KUALA LUMPUR: Petroliam Nasional Bhd (Petronas) hopes to reach a final investment decision on its RM60bil Refinery and Petrochemicals Integrated Development (Rapid) complex in Pengerang, Johor by the first quarter of next year, pushing back the commissioning of the specialty chemicals-based facility to end-2016 or early 2017.

This was because of a delay in the state government’s relocation of residents as well as cemeteries, president and CEO Tan Sri Shamsul Azhar Abbas told journalists at a briefing on Petronas’ first quarter results yesterday.

Water supply has also been an issue, he added.

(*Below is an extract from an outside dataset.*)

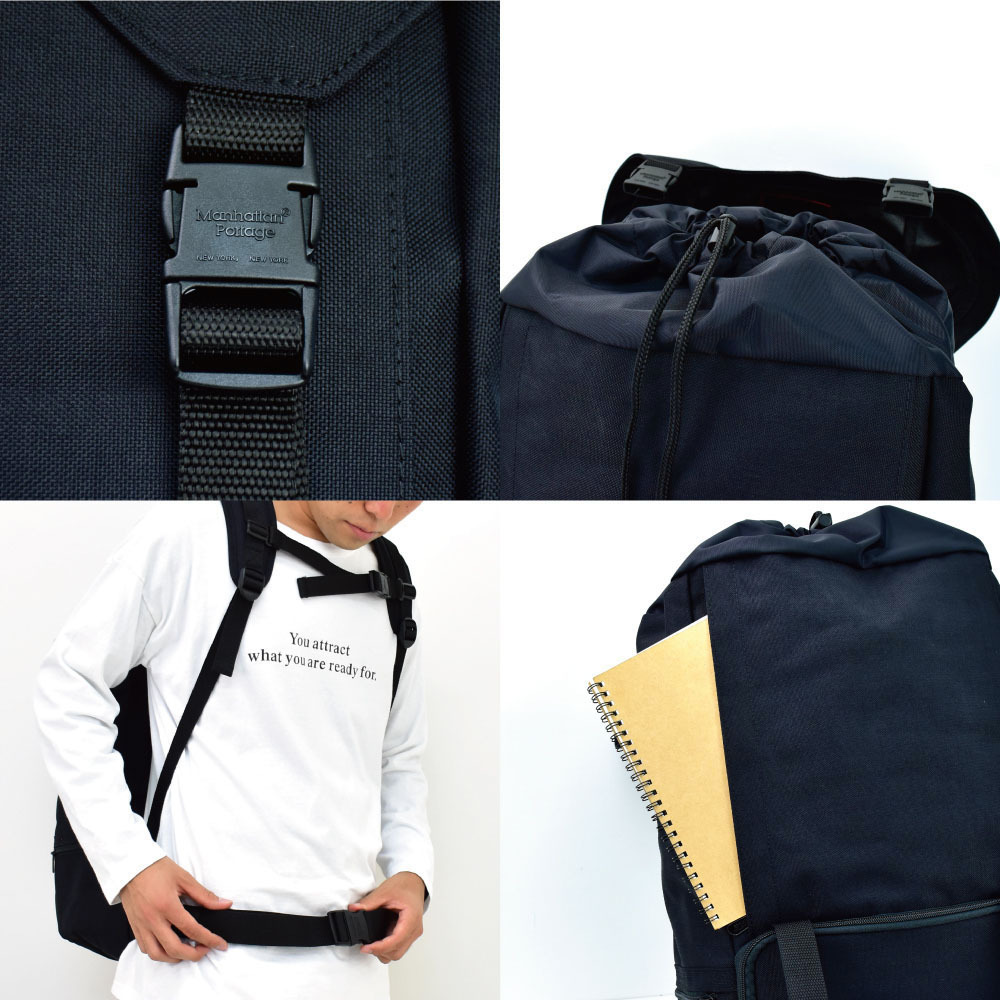 Manhattan Portage（マンハッタンポーテージ） リュック 大容量 a4 20L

Nonetheless, Shamsul said the national oil company’s five-year RM300bil capital expenditure plan to reverse declining production was intact, noting that it would have to play catch-up after having spent only RM72bil, or 24%, of that amount between 2011 and January this year.

According to its financial statements, Petronas posted a 2.73% decrease in net profit for the three months to March to RM20.37bil from RM20.94bil a year ago, citing lower crude oil prices and higher costs.

Excluding non-operating costs, Petronas said its net operating profit after tax would have improved by RM1.2bil.

Its revenue during the period rose 1.89% to RM76.68bil against RM75.25bil on higher trading volume from both crude oil and sales gas, buoyed by customer demand and the strengthening of the US dollar to the ringgit.

The state-owned firm achieved total production of 2.16 million barrels of oil equivalent per day (boe) compared with 2.11 million boe in the same quarter of last year and 2.08 million boe in the final quarter of 2012.

Its gross margin stood at 40.7% as at March, lower than 44.6% in the previous corresponding period but a substantial improvement over 29.6% in the three months to December.

The oil and gas firm’s gearing level inched down to 11.6% from 11.7% as at December, while return on average capital employed edged higher to 17.6% versus 17.2%.

Its cash reserves climbed some 4% to RM145.1bil.

In terms of its main segments, E&P was the best performer by earnings at RM11.41bil, followed by gas and power at RM5.04bil and downstream at RM2.11bil.

Turnover-wise, its downstream arm was No. 1 at RM36.76bil, followed by E&P at RM30.22bil and gas and power at RM23.19bil.

On its operations abroad, Shamsul said production at Petronas’ Canada shale gas fields was expected double next year from the current 51,000 boe.

He added that production in South Sudan, where work was halted for 15 months since January last year due to disagreements between the then newly-separated North and South Sudan over oil pipeline charges, could return to 120,000 boe by mid-2014.

Petronas’ Sudan facilities resumed operations in April, with daily production of 200 barrels currently. Its first commercial cargo is expected port side by this month. The African country’s contribution in 2013 is, however, expected to be marginal.

Shamsul said crude oil should hover between US$95-US$100 per barrel for the year compared with US$112 per barrel in the first quarter.

The company is likely to post a pretax profit of RM89bil for 2013, equal to last year, as an estimated 2% rise in production offsets lower crude oil prices, he added.